Our Latest Polygraph
Having supported a couple through a very successful "disclosure with polygraph" process last year, Michael was keen to try out Auckland's newest (male) polygraph technician.
I was a bit dubious at first. After all, I'd made peace with our situation and my decision to "go with my gut over technology." Still, he seemed keen, and after a particularly triggering business trip (triggering for me, not him) I agreed.
This time, almost all of the "right" boxes were ticked: Michael had had enough time to process, we had an examiner trained in the less agressive school who understood he was part of the team to help confirm Michael was in the light... or help him get there if he wasn't.*
Polygraphs for All?
Does this mean we will be promoting polygraphs for absolutely every couple we support? No. Polygraphs, though a useful tool, still have some limitations. These include:
- Accuracy — they are only 80-90% accurate in general.

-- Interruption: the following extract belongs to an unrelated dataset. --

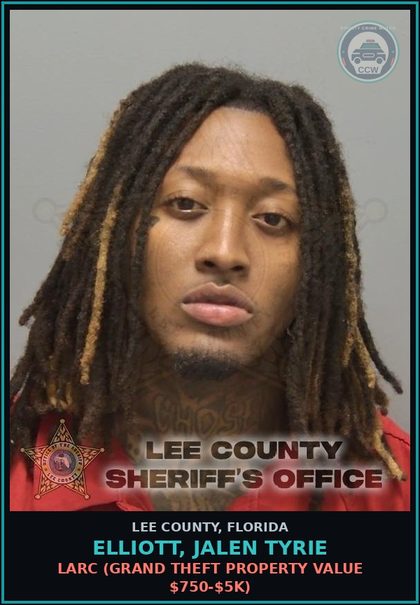 CCW arrest card for ELLIOTT, JALEN TYRIE in Lee County: LARC  (GRAND THEFT PROPERTY VALUE $750-$5K)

Moreover, they don't work at all with psychopaths (thus if your husband has been given that diagnosis or you have studied up on this form of personality disorder, discussed it with professionals, and think it's possible, you'll want to give it a pass).
- Pricing — polygraph exams are pretty expensive which puts them out of reach for some couples
- Time consuming — it takes our own (and often others') time and energy to do a polygraph exam properly and get the benefits from it. The "others" should include a trained therapist and possibly support people.
Thus, any couple that would just as soon not bother, will be getting our support on that decision. Still, where there's been a long history of lies and deceit, and a wife wants to make sure "this time it's actually different," I will probably mention the polygraph option.
The interesting thing with the polygraph is that often just the mention of it to a husband gives you a lot of information about "whether this time is actually different."
If you're in New Zealand and would like to know more about which therapists work with the polygraph technician we went with, feel free to contact me. If you are in the U.S. and you are interested in working with a therapist/polygraph examiner team, please contact Ella Hutchinson.
*The only piece missing for us was that we were still not working with a therapist directly. This was in part because our most experienced therapist in therapeutic disclosure in the country has slightly less experience than we ourselves do. Nevertheless, I do not recommend couples embark on a polygraph for disclosure on their own. See part 1 of this series for the reasons why.